Verhalten ändern im "Plastik-Jahrhundert"
Für den französischen Umwelt-Experten Pierre Delcroix ist nicht Plastik das Problem, sondern die mangelhafte Regelung der Abfallwirtschaft in afrikanischen Ländern. Auch organischer Müll könne schwere Auswirkungen auf die Umwelt haben, wenn er nicht richtig entsorgt werde, sagt Delcroix, der auch in afrikanischen Ländern als Berater für Umweltfragen arbeitet. "Das meiste Plastik endet auf überfüllten Müllkippen, die ständig brennen und eine riesige Umweltbelastung auch für benachbarte Gemeinden darstellen", sagt er im DW-Interview. Ein Plastik-Verbot gehe zwar in die richtige Richtung, sagt Delcroix. Er mache aber nur Sinn, wenn er in einen umfassenden Plan zur Müllentsorgung integriert werde.

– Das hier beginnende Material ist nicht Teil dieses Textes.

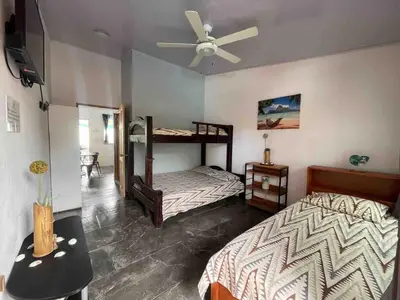 a bedroom with two bunk beds and a ceiling fan at Apartamento con piscina privada in Uvita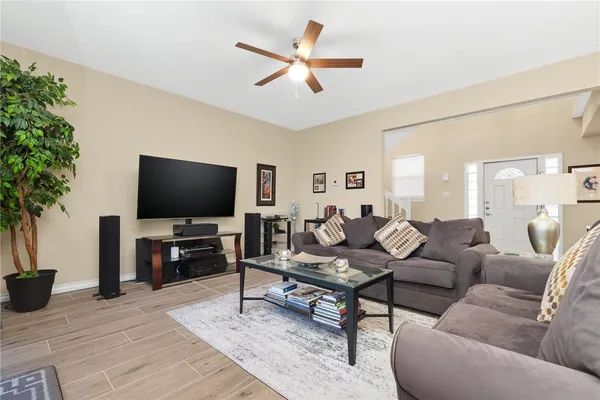 a living room with lots of furniture and a large window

Kenia ist dabei, eine Mülltrennung einzuführen, zusätzlich zum Plastiktüten-Verbot. In Ghana sollen Getränke-Hersteller die Plastik-Verpackung wieder zurücknehmen. Auch die äthiopische Regierung möchte ein Recycling-System aufbauen. Doch der Weg ist noch weit. Die Regierung hat seit vielen Jahren Kampagnen zur Aufklärung über die Medien an das Volk gebracht. Laut Yalemsew Adela, Direktor des äthiopischen Umweltforschungsinstitutes, ist der Erfolg mäßig. "Es gilt, die Informationslücke zwischen Stadt und Land besser zu schließen, und das Verhalten zu ändern - das dauert lange. Wir können Plastik nicht vermeiden im Plastik-Jahrhundert."